- Task
Reproduce the entries in full, with no changes.

[Study material Boundary: Start]

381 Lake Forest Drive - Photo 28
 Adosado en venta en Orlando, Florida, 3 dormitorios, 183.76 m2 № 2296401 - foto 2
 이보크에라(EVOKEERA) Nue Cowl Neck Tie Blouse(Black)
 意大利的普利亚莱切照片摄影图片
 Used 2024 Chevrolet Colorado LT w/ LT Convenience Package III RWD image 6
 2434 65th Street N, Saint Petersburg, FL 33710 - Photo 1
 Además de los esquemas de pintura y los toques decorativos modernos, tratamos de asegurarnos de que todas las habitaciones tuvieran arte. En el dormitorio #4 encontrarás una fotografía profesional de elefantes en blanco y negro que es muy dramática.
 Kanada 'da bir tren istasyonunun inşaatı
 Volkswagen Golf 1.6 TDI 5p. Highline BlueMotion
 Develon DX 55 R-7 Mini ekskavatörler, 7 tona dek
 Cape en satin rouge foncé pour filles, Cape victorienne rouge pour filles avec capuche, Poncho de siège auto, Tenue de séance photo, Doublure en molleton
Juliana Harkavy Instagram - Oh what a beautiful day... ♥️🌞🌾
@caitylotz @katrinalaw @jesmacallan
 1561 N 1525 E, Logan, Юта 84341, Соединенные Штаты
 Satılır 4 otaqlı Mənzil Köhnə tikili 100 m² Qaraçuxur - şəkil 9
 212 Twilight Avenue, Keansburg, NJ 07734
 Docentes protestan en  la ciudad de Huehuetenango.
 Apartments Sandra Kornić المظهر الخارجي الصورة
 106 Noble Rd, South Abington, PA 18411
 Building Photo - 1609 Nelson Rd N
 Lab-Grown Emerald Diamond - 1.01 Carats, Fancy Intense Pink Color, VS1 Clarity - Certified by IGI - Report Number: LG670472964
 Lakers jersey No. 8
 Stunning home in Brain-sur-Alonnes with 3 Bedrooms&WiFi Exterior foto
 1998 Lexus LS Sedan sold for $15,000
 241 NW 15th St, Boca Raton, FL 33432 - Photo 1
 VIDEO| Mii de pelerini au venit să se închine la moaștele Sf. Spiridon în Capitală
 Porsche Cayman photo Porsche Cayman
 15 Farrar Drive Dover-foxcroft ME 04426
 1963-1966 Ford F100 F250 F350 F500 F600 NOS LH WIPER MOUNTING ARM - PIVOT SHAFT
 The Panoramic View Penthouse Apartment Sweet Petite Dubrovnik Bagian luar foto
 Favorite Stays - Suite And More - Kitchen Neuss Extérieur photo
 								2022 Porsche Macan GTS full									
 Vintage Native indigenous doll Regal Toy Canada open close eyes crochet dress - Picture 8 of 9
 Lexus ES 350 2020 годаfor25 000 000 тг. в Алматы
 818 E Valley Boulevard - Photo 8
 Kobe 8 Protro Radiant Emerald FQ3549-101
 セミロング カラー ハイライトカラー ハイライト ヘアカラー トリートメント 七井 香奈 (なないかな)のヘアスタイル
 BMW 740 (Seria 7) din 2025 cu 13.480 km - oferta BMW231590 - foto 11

[Study material Boundary: End]

- Answer to this exercise
381 Lake Forest Drive - Photo 28
 Adosado en venta en Orlando, Florida, 3 dormitorios, 183.76 m2 № 2296401 - foto 2
 이보크에라(EVOKEERA) Nue Cowl Neck Tie Blouse(Black)
 意大利的普利亚莱切照片摄影图片
 Used 2024 Chevrolet Colorado LT w/ LT Convenience Package III RWD image 6
 2434 65th Street N, Saint Petersburg, FL 33710 - Photo 1
 Además de los esquemas de pintura y los toques decorativos modernos, tratamos de asegurarnos de que todas las habitaciones tuvieran arte. En el dormitorio #4 encontrarás una fotografía profesional de elefantes en blanco y negro que es muy dramática.
 Kanada 'da bir tren istasyonunun inşaatı
 Volkswagen Golf 1.6 TDI 5p. Highline BlueMotion
 Develon DX 55 R-7 Mini ekskavatörler, 7 tona dek
 Cape en satin rouge foncé pour filles, Cape victorienne rouge pour filles avec capuche, Poncho de siège auto, Tenue de séance photo, Doublure en molleton
Juliana Harkavy Instagram - Oh what a beautiful day... ♥️🌞🌾
@caitylotz @katrinalaw @jesmacallan
 1561 N 1525 E, Logan, Юта 84341, Соединенные Штаты
 Satılır 4 otaqlı Mənzil Köhnə tikili 100 m² Qaraçuxur - şəkil 9
 212 Twilight Avenue, Keansburg, NJ 07734
 Docentes protestan en  la ciudad de Huehuetenango.
 Apartments Sandra Kornić المظهر الخارجي الصورة
 106 Noble Rd, South Abington, PA 18411
 Building Photo - 1609 Nelson Rd N
 Lab-Grown Emerald Diamond - 1.01 Carats, Fancy Intense Pink Color, VS1 Clarity - Certified by IGI - Report Number: LG670472964
 Lakers jersey No. 8
 Stunning home in Brain-sur-Alonnes with 3 Bedrooms&WiFi Exterior foto
 1998 Lexus LS Sedan sold for $15,000
 241 NW 15th St, Boca Raton, FL 33432 - Photo 1
 VIDEO| Mii de pelerini au venit să se închine la moaștele Sf. Spiridon în Capitală
 Porsche Cayman photo Porsche Cayman
 15 Farrar Drive Dover-foxcroft ME 04426
 1963-1966 Ford F100 F250 F350 F500 F600 NOS LH WIPER MOUNTING ARM - PIVOT SHAFT
 The Panoramic View Penthouse Apartment Sweet Petite Dubrovnik Bagian luar foto
 Favorite Stays - Suite And More - Kitchen Neuss Extérieur photo
 								2022 Porsche Macan GTS full									
 Vintage Native indigenous doll Regal Toy Canada open close eyes crochet dress - Picture 8 of 9
 Lexus ES 350 2020 годаfor25 000 000 тг. в Алматы
 818 E Valley Boulevard - Photo 8
 Kobe 8 Protro Radiant Emerald FQ3549-101
 セミロング カラー ハイライトカラー ハイライト ヘアカラー トリートメント 七井 香奈 (なないかな)のヘアスタイル
 BMW 740 (Seria 7) din 2025 cu 13.480 km - oferta BMW231590 - foto 11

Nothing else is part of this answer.